Within the film industry, Grant is cited as an anti-movie star who approaches his roles like a character actor, with the ability to make acting look effortless. Hallmarks of his comic skills include a nonchalant touch of irony/sarcasm and studied physical mannerisms as well as his precisely-timed dialogue delivery and facial expressions. The entertainment media's coverage of Grant's life off the big screen has often overshadowed his work as a thespian. He has been vocal about his disrespect for the profession of acting, his disdain towards the culture of celebrity, and hostility towards the media. In a career spanning 30 years, Grant has repeatedly claimed that acting is not a true calling but just a job he fell into.
6. Hugh Jackman Smoking Cigarette
Celebrity Hugh Jackman Smoking Davidoff Classic Slims Cigarette
About Hugh Jackman : Hugh Michael Jackman (born 12 October 1968) is an Australian actor and producer who is involved in film, musical theatre, and television.
Jackman has won international recognition for his roles in major films, notably as action/superhero, period and romance characters. He is known for his role as Wolverine in the X-Men series, as well as for his leads in Kate & Leopold, Van Helsing, The Prestige, and Australia. Jackman is a singer, dancer, and actor in stage musicals, and won a Tony Award for his role in The Boy from Oz.
In November 2008, Open Salon named Jackman one of the sexiest men alive. Later that same month, People magazine named Jackman "Sexiest Man Alive."
A three-time host of the Tony Awards, winning an Emmy Award for one of these appearances, Jackman also hosted the 81st Academy Awards on 22 February 2009.

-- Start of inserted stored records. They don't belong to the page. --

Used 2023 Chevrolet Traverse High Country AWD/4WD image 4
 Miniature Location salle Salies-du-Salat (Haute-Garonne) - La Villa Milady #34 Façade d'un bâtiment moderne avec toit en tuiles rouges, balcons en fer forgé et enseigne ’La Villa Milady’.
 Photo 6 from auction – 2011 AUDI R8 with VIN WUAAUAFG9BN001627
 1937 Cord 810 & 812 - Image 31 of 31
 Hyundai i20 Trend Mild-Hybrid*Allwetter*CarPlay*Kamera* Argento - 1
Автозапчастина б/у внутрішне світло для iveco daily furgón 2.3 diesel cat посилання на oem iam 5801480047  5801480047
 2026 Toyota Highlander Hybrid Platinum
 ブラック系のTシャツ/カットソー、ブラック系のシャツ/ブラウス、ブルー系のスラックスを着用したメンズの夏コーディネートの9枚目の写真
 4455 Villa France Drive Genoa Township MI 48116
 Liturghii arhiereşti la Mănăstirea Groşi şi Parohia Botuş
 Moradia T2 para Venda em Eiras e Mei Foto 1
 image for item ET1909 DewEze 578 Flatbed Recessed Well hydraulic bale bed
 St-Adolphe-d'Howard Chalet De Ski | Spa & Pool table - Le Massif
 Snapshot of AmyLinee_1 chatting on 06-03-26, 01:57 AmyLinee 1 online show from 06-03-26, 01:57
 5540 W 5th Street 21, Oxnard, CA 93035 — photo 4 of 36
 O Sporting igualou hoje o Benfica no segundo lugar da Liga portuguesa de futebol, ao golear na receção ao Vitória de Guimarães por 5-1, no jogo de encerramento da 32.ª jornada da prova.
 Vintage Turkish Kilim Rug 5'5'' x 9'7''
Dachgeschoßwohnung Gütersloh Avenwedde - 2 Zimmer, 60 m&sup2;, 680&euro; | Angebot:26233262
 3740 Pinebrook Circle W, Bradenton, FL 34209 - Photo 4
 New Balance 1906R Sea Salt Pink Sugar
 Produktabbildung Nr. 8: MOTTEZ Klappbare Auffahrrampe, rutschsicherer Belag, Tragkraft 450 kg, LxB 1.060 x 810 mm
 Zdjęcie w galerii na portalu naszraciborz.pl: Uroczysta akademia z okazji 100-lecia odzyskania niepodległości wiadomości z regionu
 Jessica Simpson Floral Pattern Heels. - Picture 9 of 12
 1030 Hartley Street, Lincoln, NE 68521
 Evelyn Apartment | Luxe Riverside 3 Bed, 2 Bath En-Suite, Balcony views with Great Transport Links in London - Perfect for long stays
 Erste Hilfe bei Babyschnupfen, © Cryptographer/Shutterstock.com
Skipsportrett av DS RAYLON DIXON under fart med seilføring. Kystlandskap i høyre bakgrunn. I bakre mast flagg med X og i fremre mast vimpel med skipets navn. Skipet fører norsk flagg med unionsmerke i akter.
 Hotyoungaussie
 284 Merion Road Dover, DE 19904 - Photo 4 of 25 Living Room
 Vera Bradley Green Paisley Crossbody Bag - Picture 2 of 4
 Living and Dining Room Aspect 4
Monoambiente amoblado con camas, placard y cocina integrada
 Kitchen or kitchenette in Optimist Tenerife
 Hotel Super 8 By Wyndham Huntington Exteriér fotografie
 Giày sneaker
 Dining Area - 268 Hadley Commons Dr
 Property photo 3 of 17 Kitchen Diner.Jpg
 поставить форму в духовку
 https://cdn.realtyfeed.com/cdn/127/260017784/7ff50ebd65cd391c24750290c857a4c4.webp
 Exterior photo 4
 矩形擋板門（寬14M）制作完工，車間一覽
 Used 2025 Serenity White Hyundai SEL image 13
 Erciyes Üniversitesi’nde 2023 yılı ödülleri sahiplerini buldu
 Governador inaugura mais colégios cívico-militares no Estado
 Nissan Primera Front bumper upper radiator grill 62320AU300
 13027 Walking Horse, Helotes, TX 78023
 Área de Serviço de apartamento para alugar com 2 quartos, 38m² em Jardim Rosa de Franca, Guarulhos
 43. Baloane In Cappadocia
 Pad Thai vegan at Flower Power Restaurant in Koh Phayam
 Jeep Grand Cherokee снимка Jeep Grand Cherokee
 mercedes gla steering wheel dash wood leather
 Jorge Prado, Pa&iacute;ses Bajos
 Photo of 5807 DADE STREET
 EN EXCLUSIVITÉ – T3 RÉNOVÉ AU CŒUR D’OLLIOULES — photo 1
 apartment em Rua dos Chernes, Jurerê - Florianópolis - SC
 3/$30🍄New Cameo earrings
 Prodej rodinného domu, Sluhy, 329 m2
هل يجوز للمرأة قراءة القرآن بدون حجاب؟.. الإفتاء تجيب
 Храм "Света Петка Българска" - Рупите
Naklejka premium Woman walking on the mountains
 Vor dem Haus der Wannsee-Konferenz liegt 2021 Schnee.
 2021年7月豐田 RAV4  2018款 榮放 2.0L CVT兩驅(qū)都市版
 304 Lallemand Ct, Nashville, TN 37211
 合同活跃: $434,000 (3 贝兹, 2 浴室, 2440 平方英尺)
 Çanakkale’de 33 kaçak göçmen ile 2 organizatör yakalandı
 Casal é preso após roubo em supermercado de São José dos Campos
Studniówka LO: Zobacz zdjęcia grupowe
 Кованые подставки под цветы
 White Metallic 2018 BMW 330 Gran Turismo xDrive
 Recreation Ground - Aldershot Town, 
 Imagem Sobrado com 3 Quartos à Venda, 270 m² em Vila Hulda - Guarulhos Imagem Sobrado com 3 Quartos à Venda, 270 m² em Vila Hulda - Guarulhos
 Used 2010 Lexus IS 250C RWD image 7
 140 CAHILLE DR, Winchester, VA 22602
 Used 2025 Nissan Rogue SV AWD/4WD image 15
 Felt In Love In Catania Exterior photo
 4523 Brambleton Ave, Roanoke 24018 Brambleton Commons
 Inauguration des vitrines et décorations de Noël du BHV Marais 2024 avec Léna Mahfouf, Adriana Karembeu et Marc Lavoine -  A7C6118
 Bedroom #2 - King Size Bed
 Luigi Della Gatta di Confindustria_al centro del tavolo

Jackman was born in Sydney, New South Wales, the youngest of five children of English parents Chris Jackman and Grace Watson, and the second child to be born in Australia (he also has a younger half sister, from his mother's re-marriage). One of his paternal great-grandfathers was Greek. His parents divorced when he was eight, and he remained with his accountant father and siblings, while his mother moved back to England. As a child, Jackman liked the outdoors, spending a lot of time at the beach and on camping trips and vacations all over Australia. He wanted to see the world: "I used to spend nights looking at atlases. I decided I wanted to be a chef on a plane. Because I'd been on a plane and there was food on board, I presumed there was a chef. I thought that would be an ideal job."
Jackman went to primary school at Pymble Public School and later attended the all-boys Knox Grammar School, where he starred in its production of My Fair Lady in 1985, and became the captain of the school in 1986. Following graduation, he spent a gap year working at Uppingham School in England. On his return, he studied at the University of Technology, Sydney, graduating in 1991 with a BA in Communications. In his final year of university, he took a drama course to make up additional credits. The class did Václav Havel's The Memorandum with Jackman as the lead. He later commented, "In that week I felt more at home with those people than I did in the entire three years [at university]".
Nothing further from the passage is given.